Many applications use collective I/O operations to read/write data from/to disk. One of the most used is the Two-Phase I/O technique extended by Thakur and Choudhary in ROMIO. Two-Phase I/O takes place in two phases: redistributed data exchange and an I/O phase. In the first phase, by means of communication, small file requests are grouped into larger ones. In the second phase, contiguous transfers are performed to or from the file system. Before that, Two-Phase I/O divides the file into equal contiguous parts (called File Domains (FD)), and assigns each FD to a configurable number of compute nodes, called aggregators. Each aggregator is responsible for aggregating all the data, which it maps inside its assigned FD, and for transferring the FD to or from the file system. In the default implementation of Two-Phase I/O the assignment of each aggregator (aggregator pattern) is fixed, independent of distribution of data over the processes.

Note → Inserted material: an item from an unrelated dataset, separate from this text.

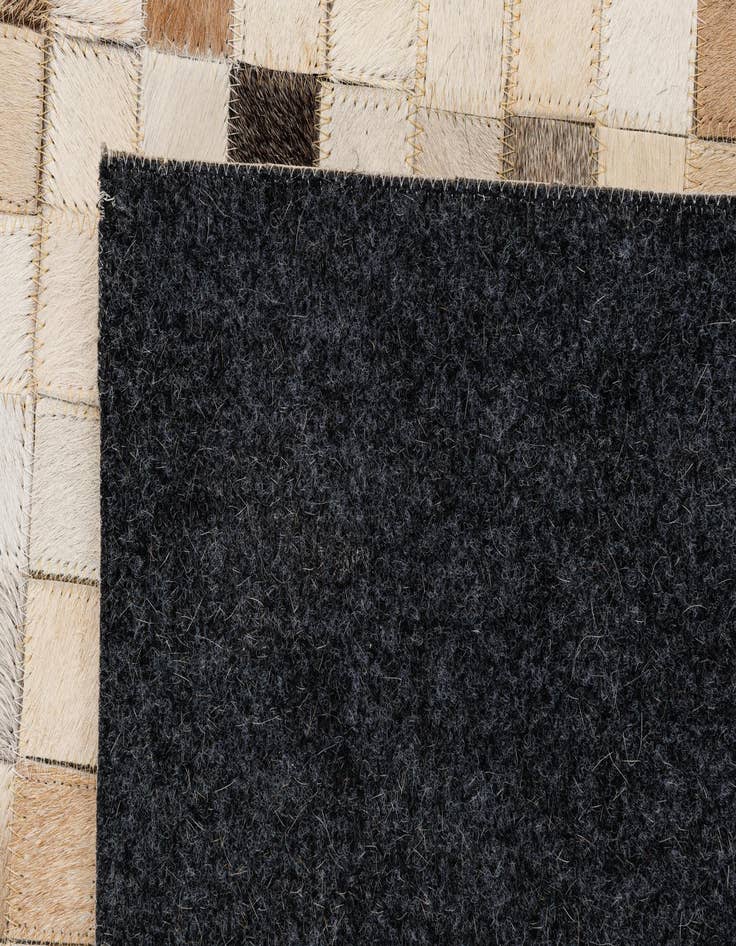 Detail image of 5' 2 x 7' 11 Cowhide - Patchwork Rug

This fixed aggregator pattern might create a I/O bottleneck , as a consequence of the multiple requests performed to collect all data assigned to their FD.
Therefore we proposed replacing the rigid assignment of aggregators over the processes by new two different aggregation criteria:
•Aggregation-by-communication-number (ACN): This criteria assigns each aggregator to the node who has more highest number of contiguous data blocks of the file domain associated with the aggregator.

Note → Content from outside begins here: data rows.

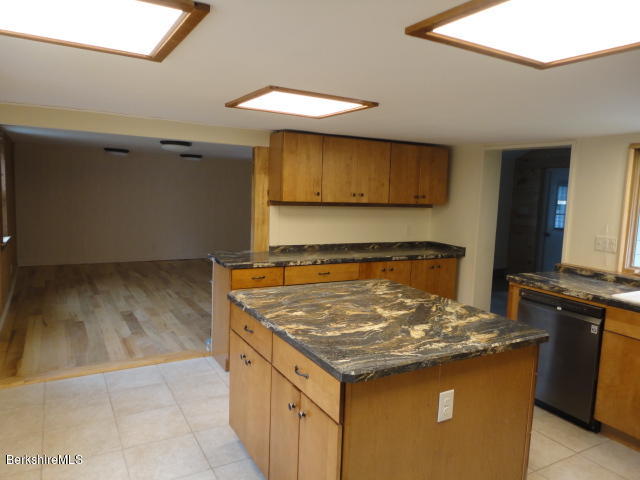 471 River Road Windsor, MA 01270 - Photo 3 of 19 a kitchen with a stove and a refrigerator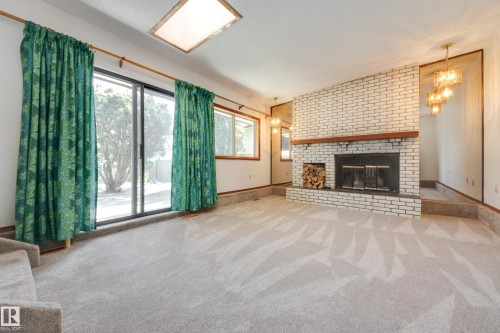 12307 54 Street, Edmonton, AB - Indoor Photo Showing Living Room With Fireplace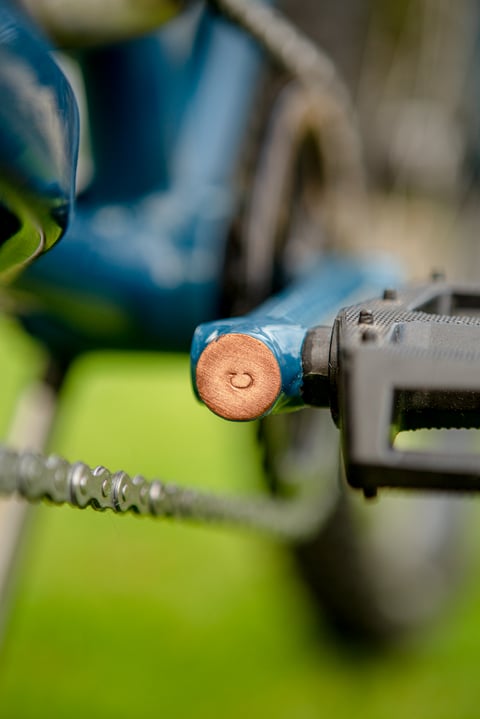 Copper-capped pedal boss on the Clandestine Long Tail's custom steel crank arm, with a flat pedal and chain.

•Aggregation-by-volume-number (AVN): This criteria assigns each aggregator to the node who has more data of the file domain associated with the aggregator.
We have implemented both aggregator pattern modifying the Two_Phase I/O of MPICH2. In most of cases the modified Two-Phase I/O get a speedup between 1.2 and 1.3 with one of the aggregator pattern that we have proposed. This means, that with the appropriate aggregator pattern (ACN or AVN) the number or volume of communications is reduced. Therefore, the overall execution time is also reduced.
Now, we want to we want to develop a new intelligent I/O technique data select in run time the best aggregator pattern between ACN or AVN, depending of the characteristic of the applications.